We both waited for him to arrive and when he did it was clear his pain was unbearable for him.
It was like he was trying to escape from his own body, unable to sit still or remain focused he was ready to run at the slightest wrong word or look.
That day was the start of the 3 of us working as a team to define their future.
It was tough work, but it is what freed them to discover their truth.
That first meeting was two years ago.
He is a CEO of a well knowing company and after the work we did on his marriage he came back asking me to become his personal coach.
On a recent call we started an interesting discussion about what happened to them.
I asked him how they both were today.
I was delighted to hear they were better than they had ever been.
But I was curious what was it that made the difference for him and his wife?
He told me he was convinced it was over
I asked him – How do you think you went from such a bad place to one where you are the happiest you have ever been?
He said when he first discovered his wife’s affair he was convinced it was over.
He said I just couldn’t see how we could ever survive it.
We tried to deal with what happened together, but any wrong turn would have meant an almost certain divorce, we were making it worse.
Trying to navigate it was like walking through a minefield blindfolded, I knew we needed help but I wasn’t sure I wanted it to work.
He said to me without you there is no doubt we would have divorced.
What we learnt was life changing
So for you I became the guide through your mindfield.
Exactly
So on reflection what was it about the work we did that helped you.
He said there were 3 things that really made the difference for him.
- Having you an expert to help us was critical.
- When we peeled back all the crap and all our distortions, limiting beliefs and misunderstanding we found a way to connect to love.
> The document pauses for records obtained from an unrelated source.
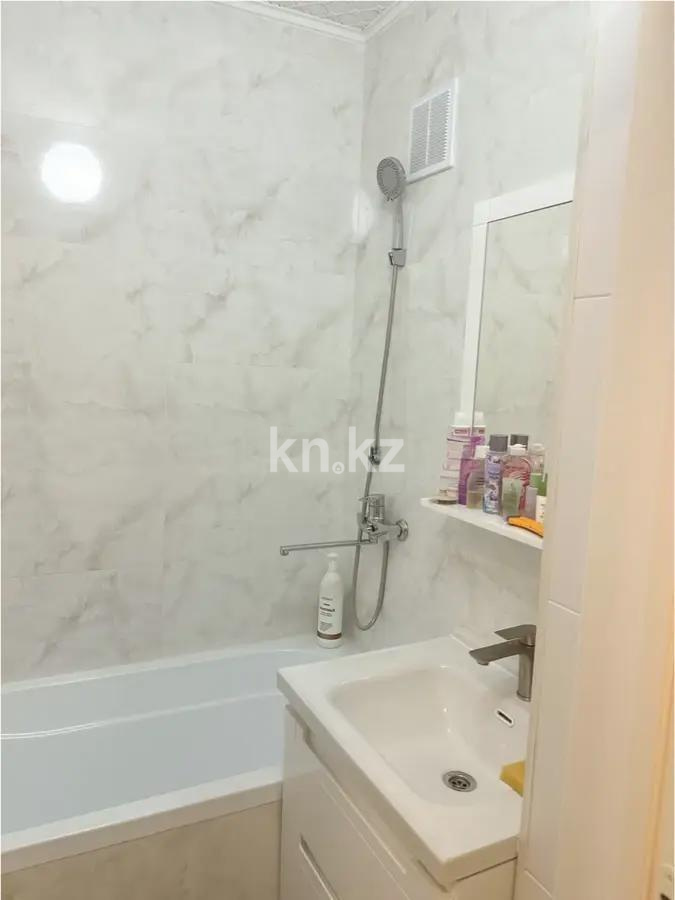 Продажа 3-комнатной квартиры, 72.3 м², ул. Розыбакиева, дом  51 в Алматы - фото 4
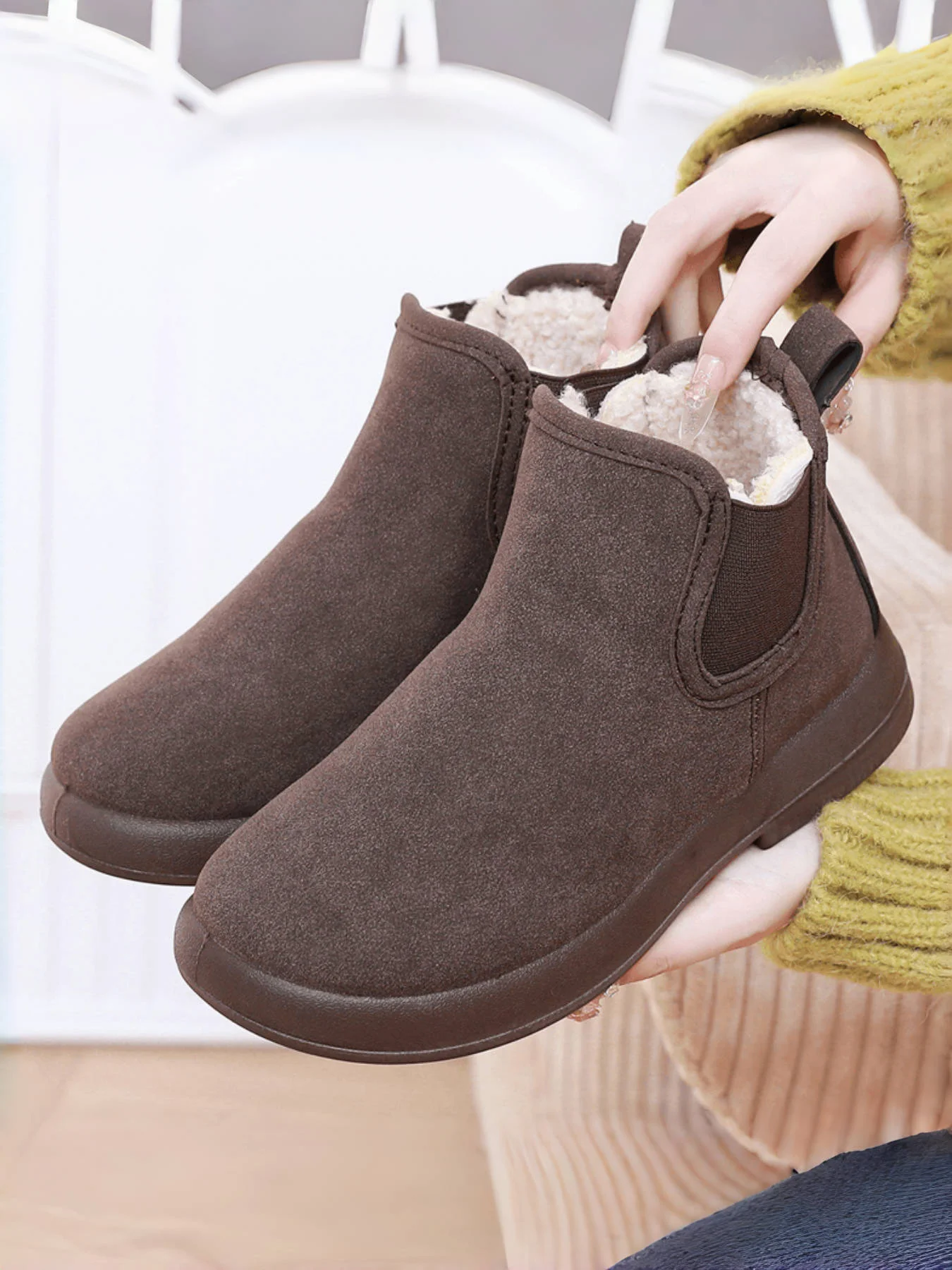 Damenschuhe für den Außenhandel: Warme Winterstiefel für Mütter, Flache Komfortable Kurzstiefel, Rutschfeste Schneestiefel, Kostenloser Versand – Detail 1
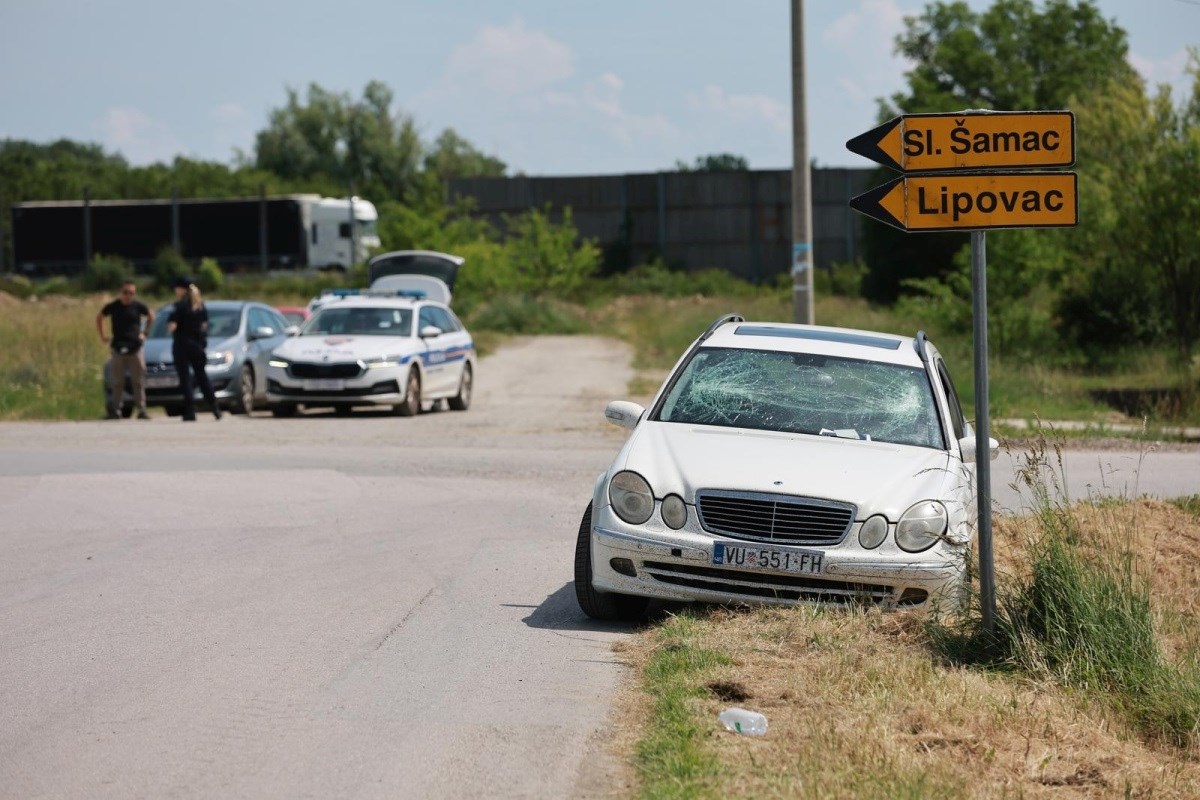 Novi detalji potjere s autoceste. Bjegunci pred policijom bacili nešto iz auta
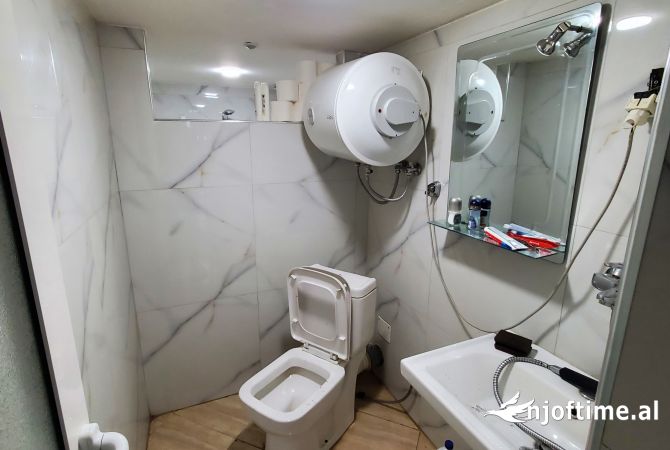 Tirane, shitet dyqan i konvertuar ne shtepi , Kati 0, 38 m2 65.000 Euro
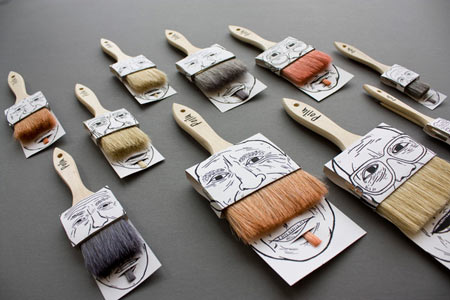 Poilus brush packaging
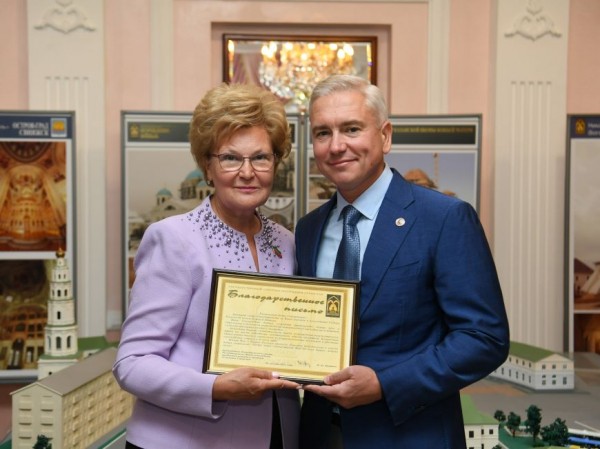 В Кремле наградили участников возрождения собора Казанской иконы Божией Матери В Кремле наградили участников возрождения собора Казанской иконы Божией Матери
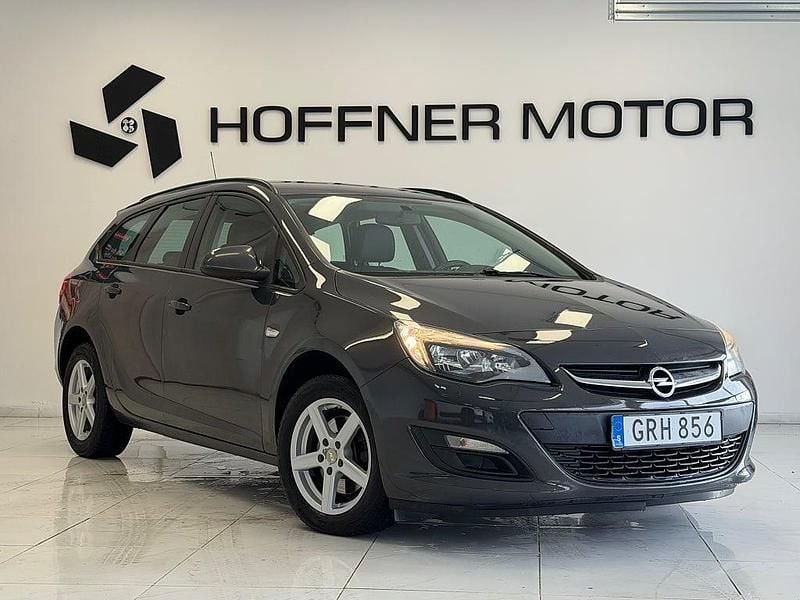 Begagnad Opel Astra Active 110 HK (80 kW) 2015 Grå Kombi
Love that was buried under our years of resentments.
- The third was about us both taking responsibility for our part in what lead her to an affair which was really tough to hear.
His observations were really interesting because if he had never taken responsibility for his part in the state of their relationship before she chose the affair, the affair and all their problems would have been always her fault.
If the state of the relationship was all her doing he would never have been able to forgive her and he would always be out of control of that relationship and it would have ended.
The moment he took responsibility he saw that he could reverse his old destructive behaviours, behaviours he was unaware of and start to influence her positively this shift would keep their connection alive.
This couple had lived disconnected for years, neither person understood how to hear, communicate and care for the other so they couldn’t grow their relationship.
Their lives became parallel and their interest in each other had become lost and full of resentment.
Once they both discovered all the moving parts that would influence their connection they quickly noticed a change in how they felt when they were together.
In short it became easier – which is how it should be.
What enabled this process to work was helping both people to understand their relationship with themselves and how their past and their thinking had shaped who they were and how they showed up.
I helped them become aware of their reactive out-of-control destructive patterns (their triggers) and this created a far more resourceful and far safer version of themselves.
This enabled them to choose what they bought to the relationship that would be of value not just for themselves, but also for each other and their future.
This win-win scenario was critical for their changes to last.
For us this work was life changing.
This couple worked hard and totally invested in the process and followed what I asked them to do outside of the sessions.